Problem to work on: The reply should hold every line of the data below, unchanged, and none of the pictures.

=== Section Start ===

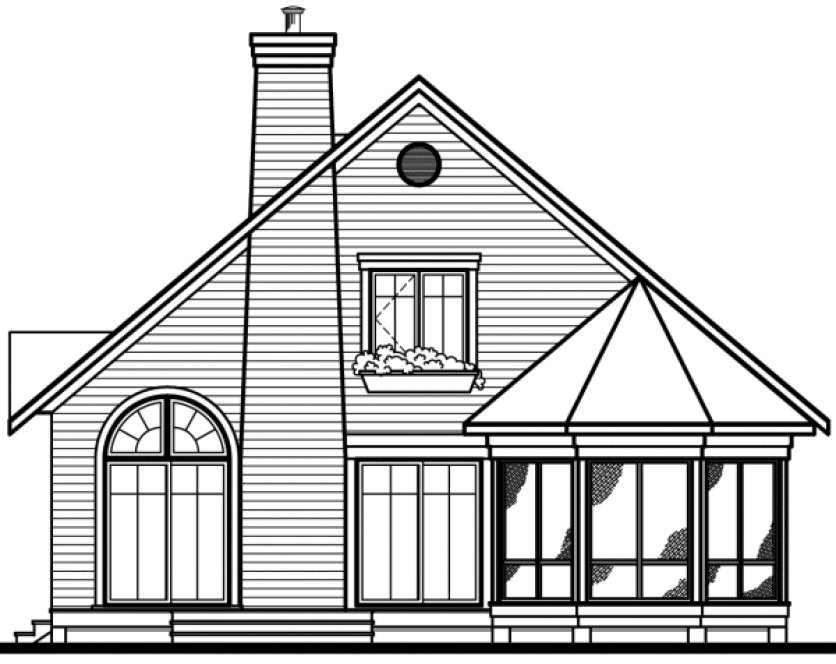 Rear Elevation for House Plan #145492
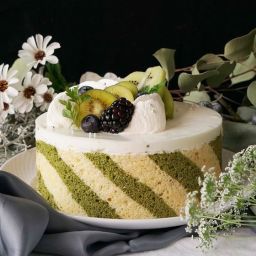 Kiwi Yogurt Mousse Stripe Cake
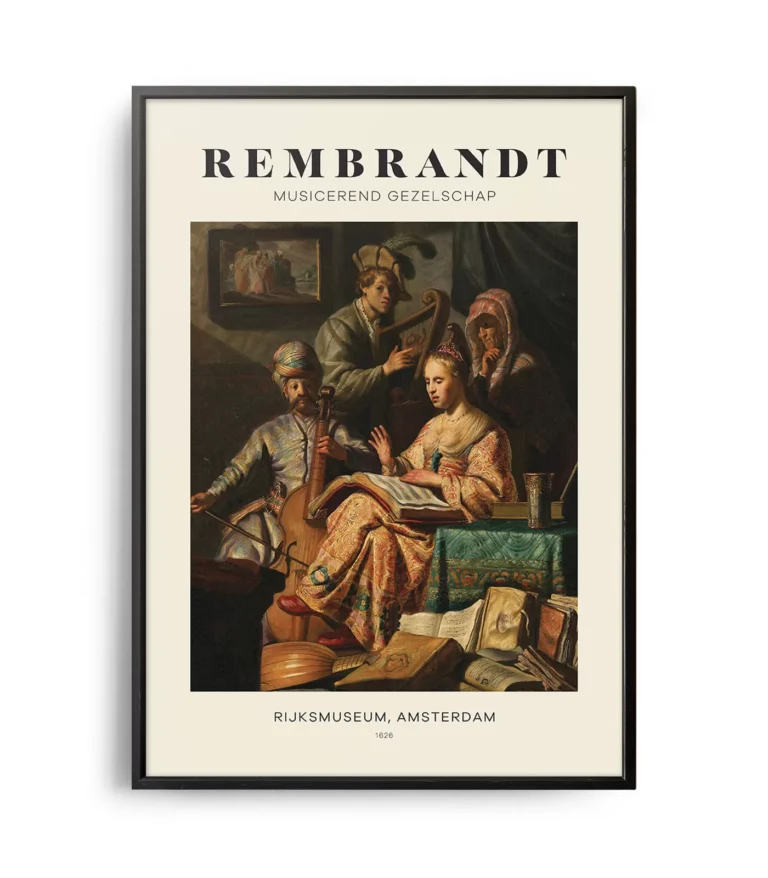 Mid-century modern Rembrandt Musicerend Gezelschap poster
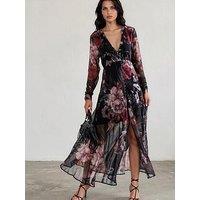 Religion Chloe Long Sleeved Maxi Dress With Button Detail In Floral Camellia Print - Black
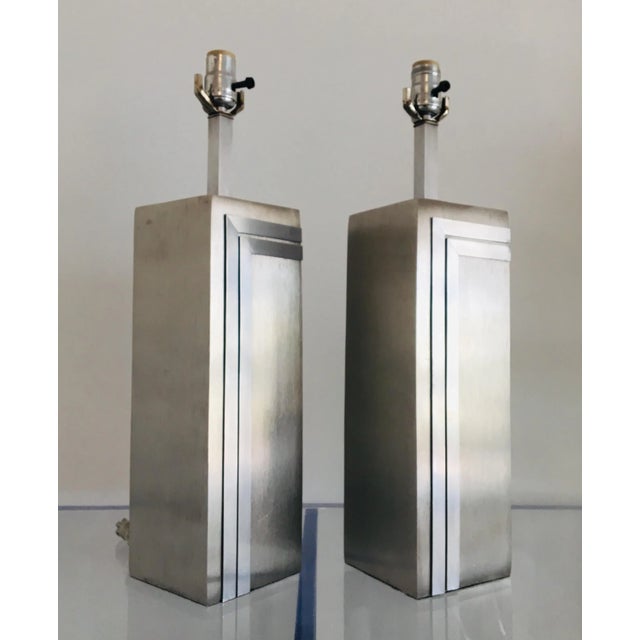 Modern 1970s Vintage Brushed Steel Pierre Cardin Lamps - a Pair For Sale - Image 3 of 12
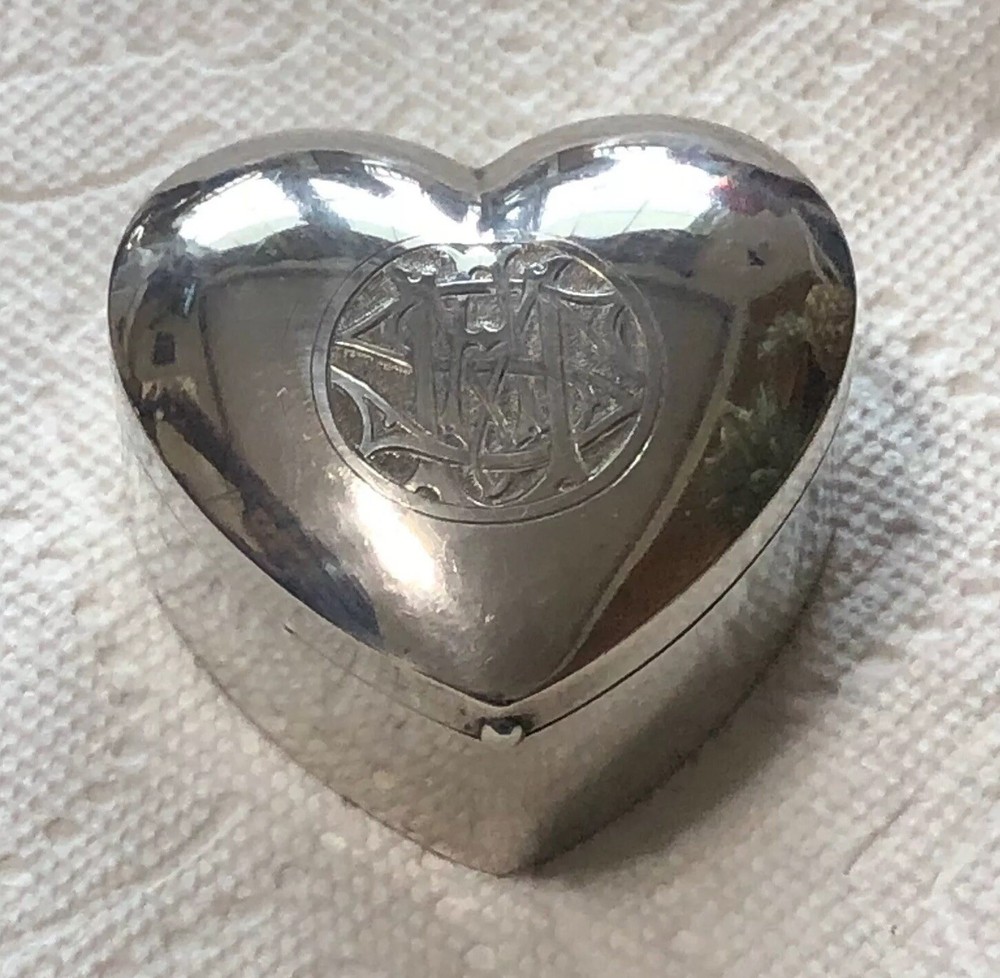 Mauser Sterling Silver Heart Shaped Jewelry Box Dated Dec 25, 1907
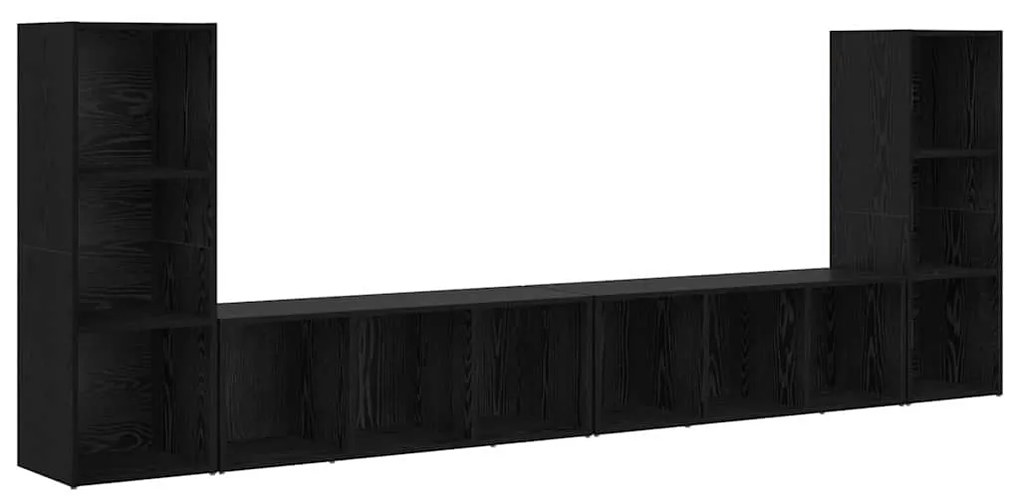 Gabinete para TV 4 pcs Carvalho Preto 37 x 35 x 107.5 cm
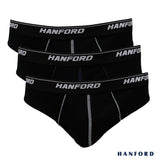 Hanford Men Premium Cotton w/ Contrast Stitch Briefs - Black (3in1 Pack)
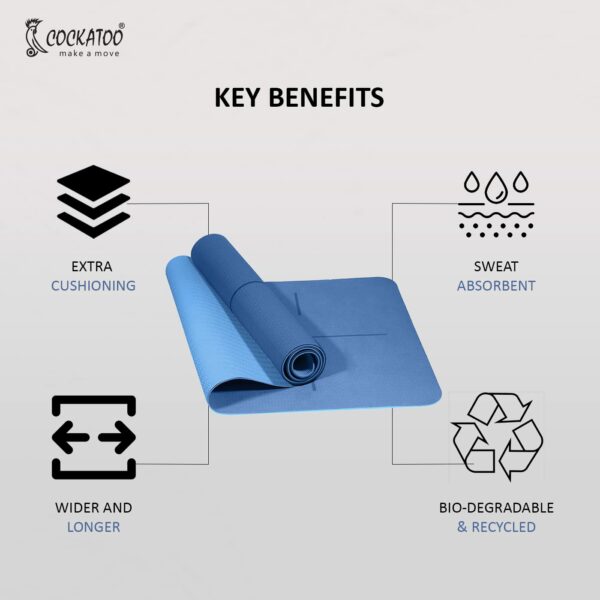 Premium 6 MM TPE Non-Slip Yoga Mat with Carry Bag - 183x61 CM - Image 4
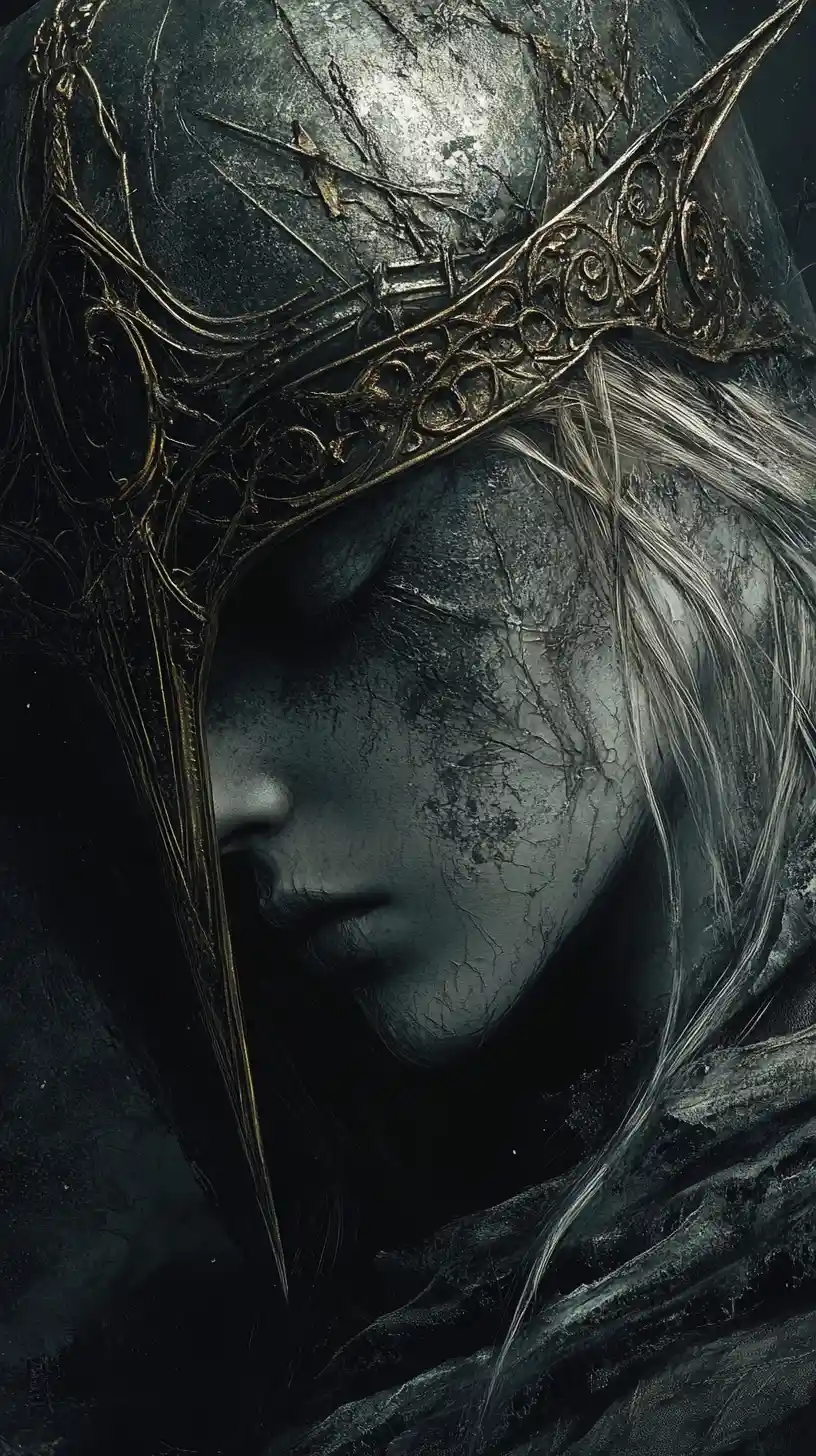 Wounded fantasy queen lying on a dark stone floor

=== Section End ===

Output:
 Rear Elevation for House Plan #145492
 Kiwi Yogurt Mousse Stripe Cake
 Mid-century modern Rembrandt Musicerend Gezelschap poster
 Religion Chloe Long Sleeved Maxi Dress With Button Detail In Floral Camellia Print - Black
 Modern 1970s Vintage Brushed Steel Pierre Cardin Lamps - a Pair For Sale - Image 3 of 12
 Mauser Sterling Silver Heart Shaped Jewelry Box Dated Dec 25, 1907
 Gabinete para TV 4 pcs Carvalho Preto 37 x 35 x 107.5 cm
 Hanford Men Premium Cotton w/ Contrast Stitch Briefs - Black (3in1 Pack)
 Premium 6 MM TPE Non-Slip Yoga Mat with Carry Bag - 183x61 CM - Image 4
 Wounded fantasy queen lying on a dark stone floor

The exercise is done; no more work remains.